For those who never missed the daily installments in the paper, or for those who caught it sporadically when leafing through an edition of The Gazette, the 365 entries that made up the “History Through Our Eyes” feature is now available in an impressive soft cover, coffee table book format.
Let me say right off the bat that this book is a fascinating, addictive one. You will be both informed and entertained as you flip through the book to see what event was covered that fell on your birthday, anniversary or any other milestone day.
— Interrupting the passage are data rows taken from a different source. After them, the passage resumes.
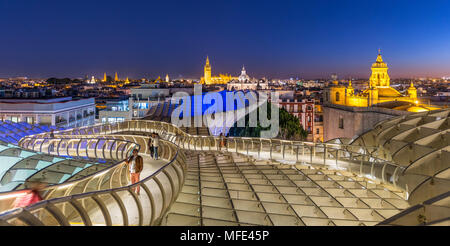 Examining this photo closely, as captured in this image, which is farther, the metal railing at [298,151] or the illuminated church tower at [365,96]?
the illuminated church tower at [365,96]

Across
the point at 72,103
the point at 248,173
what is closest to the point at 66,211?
the point at 248,173

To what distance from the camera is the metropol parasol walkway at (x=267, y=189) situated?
15.9 ft

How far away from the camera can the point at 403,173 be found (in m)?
9.69

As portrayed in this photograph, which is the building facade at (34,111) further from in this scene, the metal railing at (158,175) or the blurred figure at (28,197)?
the blurred figure at (28,197)

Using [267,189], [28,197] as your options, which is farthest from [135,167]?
[267,189]

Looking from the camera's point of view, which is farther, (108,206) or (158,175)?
(158,175)

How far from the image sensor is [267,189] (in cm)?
902

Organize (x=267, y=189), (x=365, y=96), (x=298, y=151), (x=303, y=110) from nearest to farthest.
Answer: (x=267, y=189)
(x=298, y=151)
(x=365, y=96)
(x=303, y=110)

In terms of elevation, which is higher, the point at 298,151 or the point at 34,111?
the point at 34,111

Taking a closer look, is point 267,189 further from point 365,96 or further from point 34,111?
point 365,96

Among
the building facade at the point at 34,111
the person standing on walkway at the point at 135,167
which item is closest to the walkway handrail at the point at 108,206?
the person standing on walkway at the point at 135,167

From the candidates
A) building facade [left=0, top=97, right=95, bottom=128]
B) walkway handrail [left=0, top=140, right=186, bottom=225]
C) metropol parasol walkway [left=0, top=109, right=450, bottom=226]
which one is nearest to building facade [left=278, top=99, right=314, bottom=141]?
building facade [left=0, top=97, right=95, bottom=128] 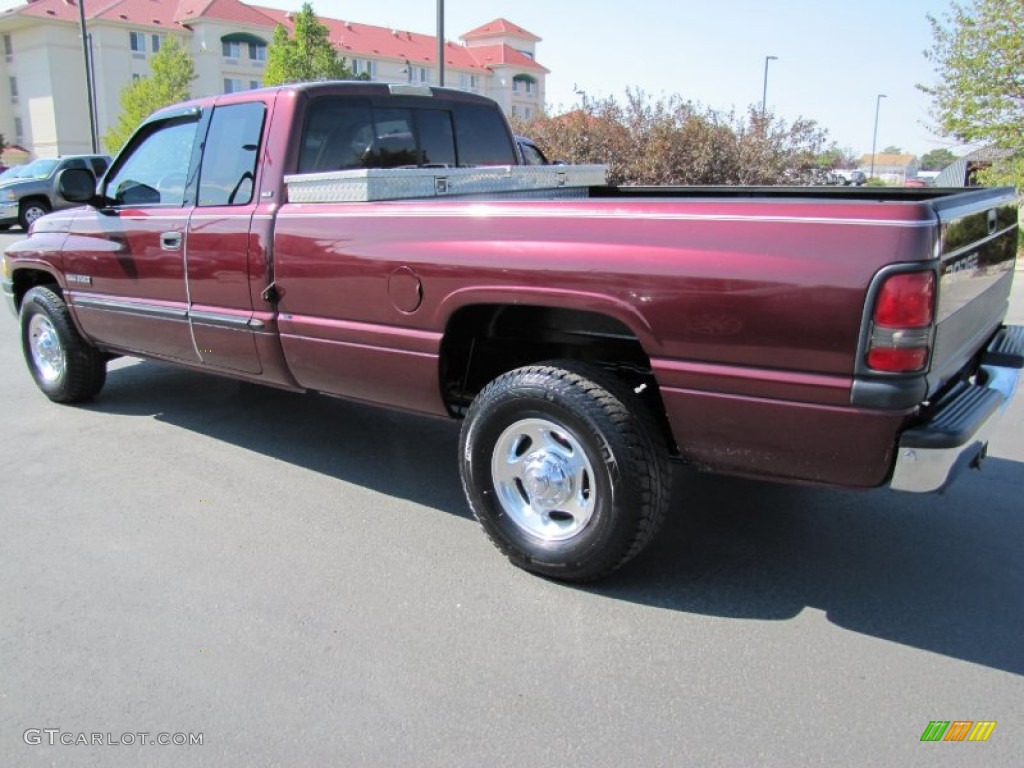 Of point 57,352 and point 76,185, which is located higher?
point 76,185

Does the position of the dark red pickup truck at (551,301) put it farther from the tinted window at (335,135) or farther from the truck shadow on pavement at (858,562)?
the truck shadow on pavement at (858,562)

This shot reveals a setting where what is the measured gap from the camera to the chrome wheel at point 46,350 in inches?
226

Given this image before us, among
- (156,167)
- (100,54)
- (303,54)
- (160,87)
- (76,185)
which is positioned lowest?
(76,185)

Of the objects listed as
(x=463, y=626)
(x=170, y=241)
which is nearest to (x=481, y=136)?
(x=170, y=241)

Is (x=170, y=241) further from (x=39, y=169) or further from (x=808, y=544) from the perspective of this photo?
(x=39, y=169)

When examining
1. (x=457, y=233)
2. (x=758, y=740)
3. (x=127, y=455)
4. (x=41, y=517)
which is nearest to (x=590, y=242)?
(x=457, y=233)

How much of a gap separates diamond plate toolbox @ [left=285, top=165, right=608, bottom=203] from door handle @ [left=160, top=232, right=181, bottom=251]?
0.93 m

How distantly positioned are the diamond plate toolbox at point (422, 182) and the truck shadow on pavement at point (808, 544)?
1518 mm

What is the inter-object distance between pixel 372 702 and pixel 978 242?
270 cm

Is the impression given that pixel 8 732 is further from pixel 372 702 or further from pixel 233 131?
pixel 233 131

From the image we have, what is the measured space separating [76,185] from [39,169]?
17.8m

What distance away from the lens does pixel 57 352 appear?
5.78 m

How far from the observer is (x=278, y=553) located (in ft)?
11.9

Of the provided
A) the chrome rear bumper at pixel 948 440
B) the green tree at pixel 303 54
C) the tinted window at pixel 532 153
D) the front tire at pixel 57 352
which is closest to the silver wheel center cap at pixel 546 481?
the chrome rear bumper at pixel 948 440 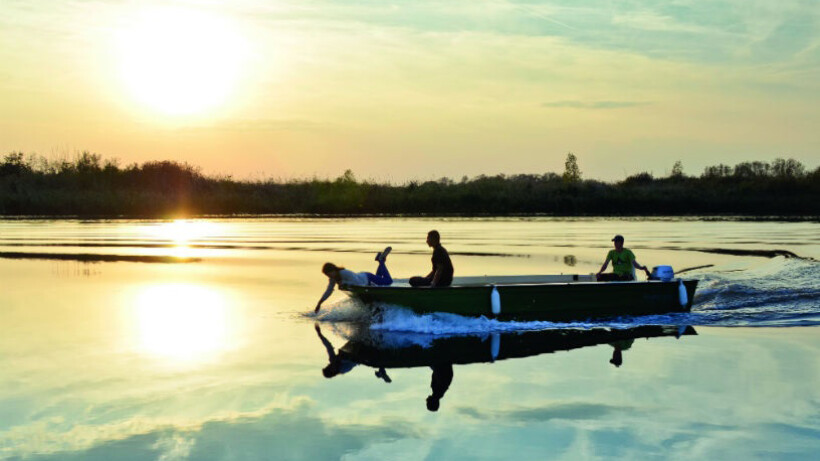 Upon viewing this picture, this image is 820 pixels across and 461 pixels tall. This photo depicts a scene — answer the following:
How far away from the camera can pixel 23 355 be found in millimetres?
14781

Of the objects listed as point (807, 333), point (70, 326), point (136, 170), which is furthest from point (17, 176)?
point (807, 333)

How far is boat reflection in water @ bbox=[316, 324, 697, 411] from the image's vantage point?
559 inches

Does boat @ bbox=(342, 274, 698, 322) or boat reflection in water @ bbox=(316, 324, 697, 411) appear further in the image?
boat @ bbox=(342, 274, 698, 322)

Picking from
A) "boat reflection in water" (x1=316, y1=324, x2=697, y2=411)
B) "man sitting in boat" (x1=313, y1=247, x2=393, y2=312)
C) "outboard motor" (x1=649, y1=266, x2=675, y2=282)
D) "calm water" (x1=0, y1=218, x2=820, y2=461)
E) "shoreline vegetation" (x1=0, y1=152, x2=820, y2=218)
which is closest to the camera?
"calm water" (x1=0, y1=218, x2=820, y2=461)

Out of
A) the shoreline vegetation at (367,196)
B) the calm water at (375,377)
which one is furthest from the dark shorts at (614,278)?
the shoreline vegetation at (367,196)

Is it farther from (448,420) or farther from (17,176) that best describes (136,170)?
(448,420)

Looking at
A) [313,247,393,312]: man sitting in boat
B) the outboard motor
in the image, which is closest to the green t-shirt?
the outboard motor

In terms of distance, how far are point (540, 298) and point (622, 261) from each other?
8.36 ft

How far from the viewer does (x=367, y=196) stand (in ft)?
296

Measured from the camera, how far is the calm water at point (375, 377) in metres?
9.87

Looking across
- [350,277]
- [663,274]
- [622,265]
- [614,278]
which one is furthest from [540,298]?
[350,277]

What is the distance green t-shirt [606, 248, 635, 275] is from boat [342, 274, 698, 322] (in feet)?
2.24

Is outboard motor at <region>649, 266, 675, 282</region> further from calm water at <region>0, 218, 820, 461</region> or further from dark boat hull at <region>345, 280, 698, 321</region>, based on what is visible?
calm water at <region>0, 218, 820, 461</region>

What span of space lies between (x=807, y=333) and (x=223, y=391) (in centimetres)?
1096
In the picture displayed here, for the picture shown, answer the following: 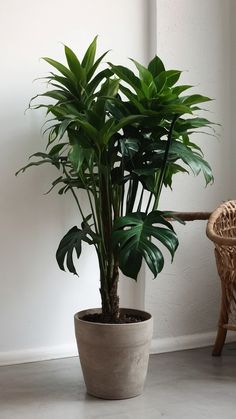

Chodan and Austin has done the impossible by looking through over a century’s worth of news photos to come up with 365 of the most significant or unusual photos that would make up the feature and the subsequent book. And there is a terrific mix of both.
Of course, the significant events that made up Montreal’s history are spotlighted, such as the Laurier Palace Theatre fire of 1927, Expo 67, the October Crisis, the Ice Storm of 1998, the Flood of 1987, the Montreal Expos’ race for the 1981 National League pennant, the inauguration of the Metro, the Lachine gas explosion of 1965, the 1980 and 1995 referendums, the Richard Riot of 1955, and the many Montreal Canadiens Stanley Cup championships.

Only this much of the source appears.